Block Cipher, Feistel Cipher & DES – Complete Notes
📘 1. Block Cipher Principles
🔹 What is a Block Cipher?
A block cipher is a symmetric key cipher that encrypts fixed-size blocks of plaintext
(e.g., 64 or 128 bits) into ciphertext using a shared secret key.
📙 2. Block Cipher Design Principles
When designing a secure block cipher, the following principles are considered:
🔐 1. Confusion
Make the relationship between the key and ciphertext as complex as
possible.
Typically achieved using substitution techniques.
Definition: Confusion hides the relationship between the ciphertext and the
key.
Purpose: Even if someone sees the ciphertext, they should not be able to
guess the key.
How it is achieved?: Using substitution operations like S-boxes.
Example: Replacing each letter with a different one based on a rule (e.g.,
Caesar Cipher, or S-box in DES).
🔐 2. Diffusion
Definition: Diffusion spreads the influence of a single plaintext bit over many
ciphertext bits.
Purpose: So that even a small change in plaintext or key changes the
ciphertext drastically.
How it is achieved?: Using permutations, mixing, or transposition techniques.
Example: If you change one letter in the plaintext, the whole ciphertext
becomes different (Avalanche effect).
Spread the influence of a single plaintext bit over many ciphertext bits.
Typically achieved using permutation.
🔐 3. Number of Rounds
Multiple rounds are used to improve security.
Each round introduces more confusion and diffusion.
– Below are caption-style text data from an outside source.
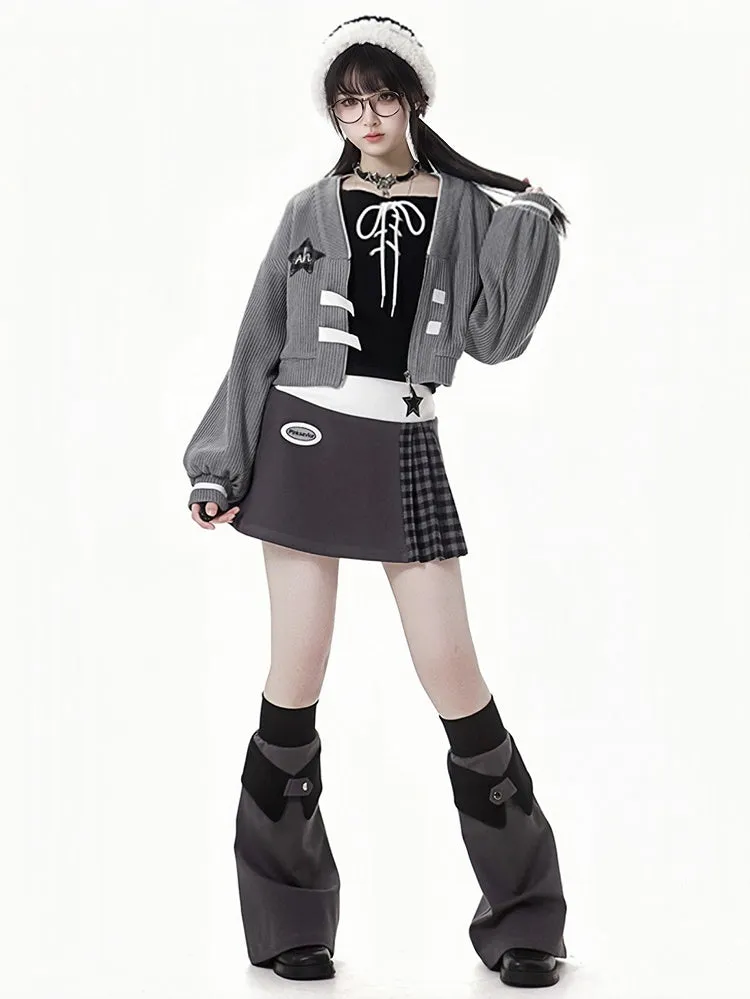 Grey Star Decorated Zip Closure Knitted Cardigan
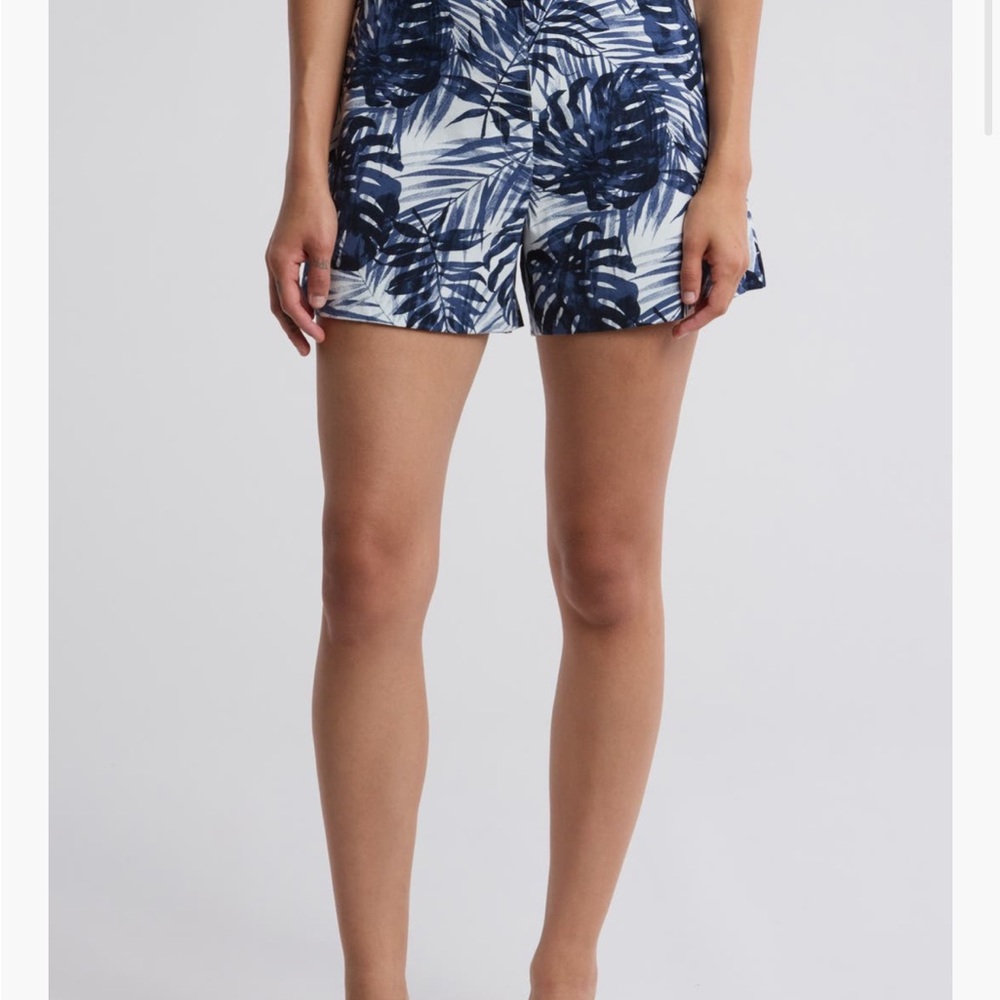 SPANX Navy Leaf Print On the Go Women's Shorts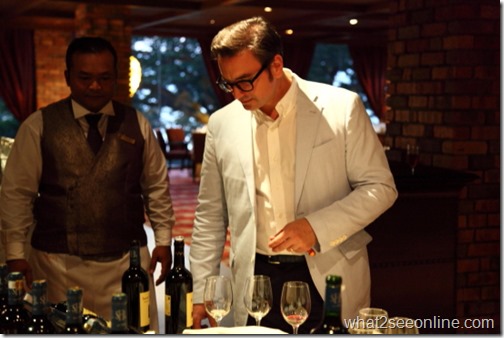 David Ornon, Commercial Director of Chateau Smith Haut Lafitte checking on the wines served during dinner by what2seeonline.com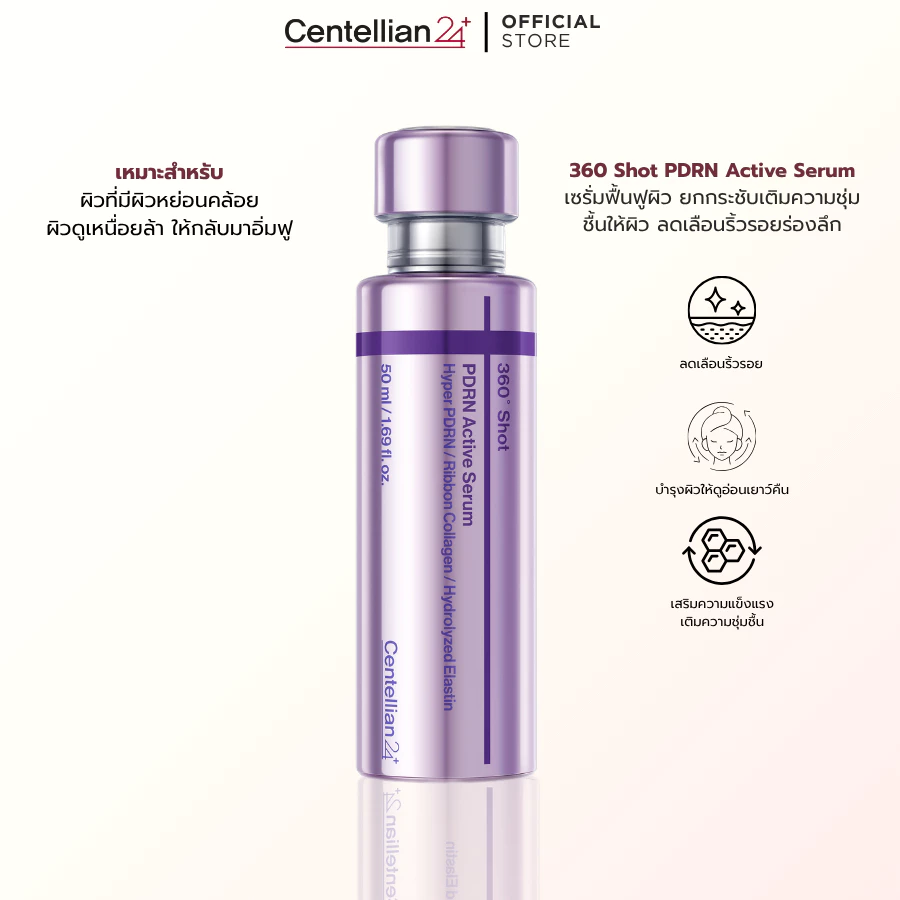 [Centellian24] 360 Shot PDRN Active Serum เซรั่มหน้าฟู ผิวฉ่ำโกลว์ ลดริ้วรอย กระชับรูขุมขน 50ml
One round of confusion & diffusion is not enough.
Multiple rounds increase security and complexity.
Common ciphers use 10 to 16 rounds (DES uses 16).
Each round applies:
o Subkey (from the main key)
o Confusion (e.g., S-box)
o Diffusion (e.g., permutation or mixing)
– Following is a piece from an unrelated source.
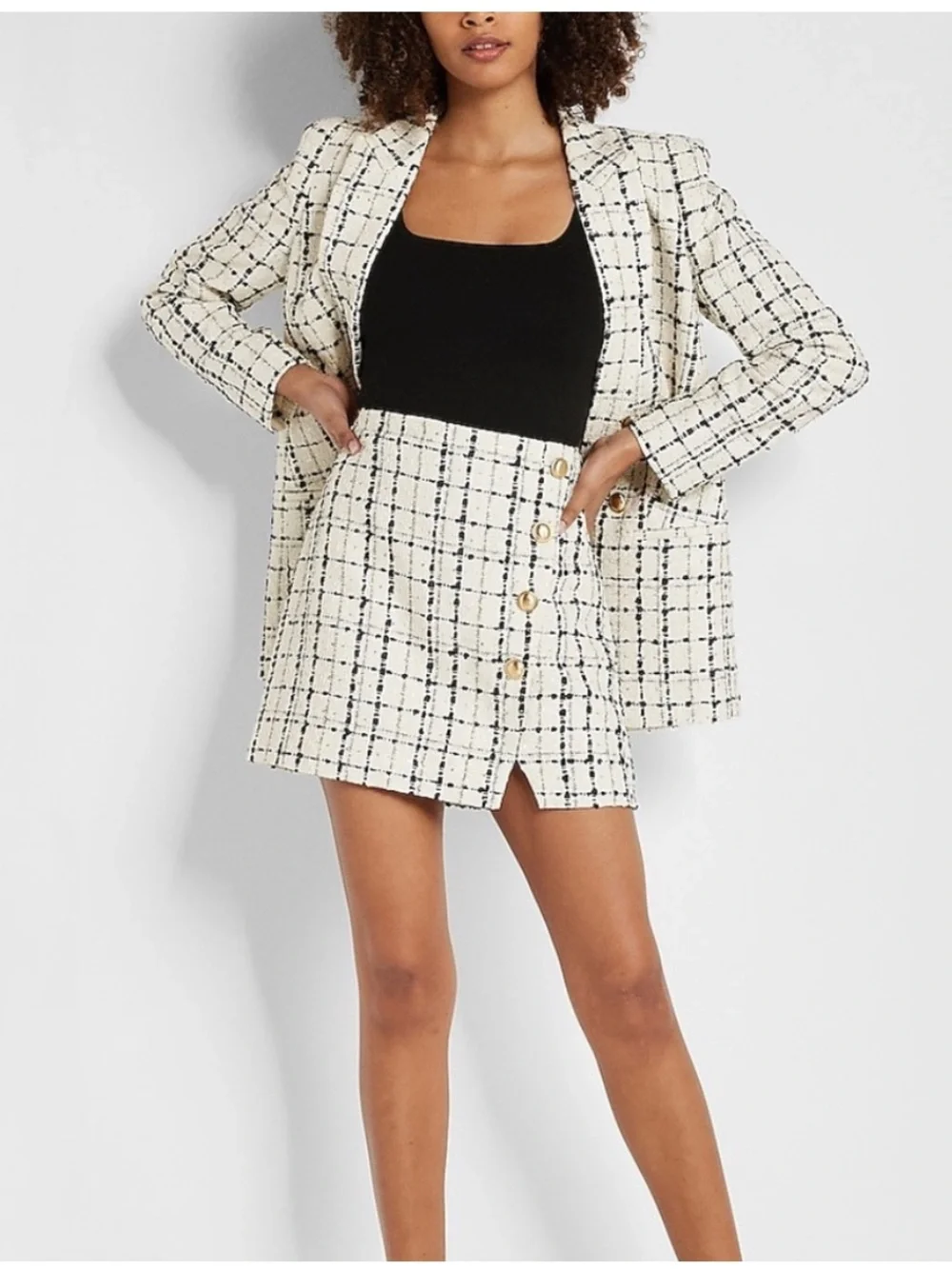 Express plaid tweed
🔁 More rounds = more strength = harder to break.
🔐 4. Key Size and Block Size
Larger key size = harder to brute-force.
Larger block size = better security against pattern analysis.
Block Size: Number of bits encrypted at once (e.g., 64 bits in DES, 128 bits in
AES)
Key Size: Length of the encryption key (e.g., 56 bits in DES, 128/192/256 in
AES)
🔐 5. Round Function
Each round uses a function that processes part of the data with a round key.
Should be non-linear and provide good confusion/diffusion.
Core part of each encryption round.
Takes input and subkey and applies operations:
o Expansion
o XOR with subkey
o Substitution (S-box)
o Permutation
🎯 The goal is to introduce both confusion and diffusion in each round.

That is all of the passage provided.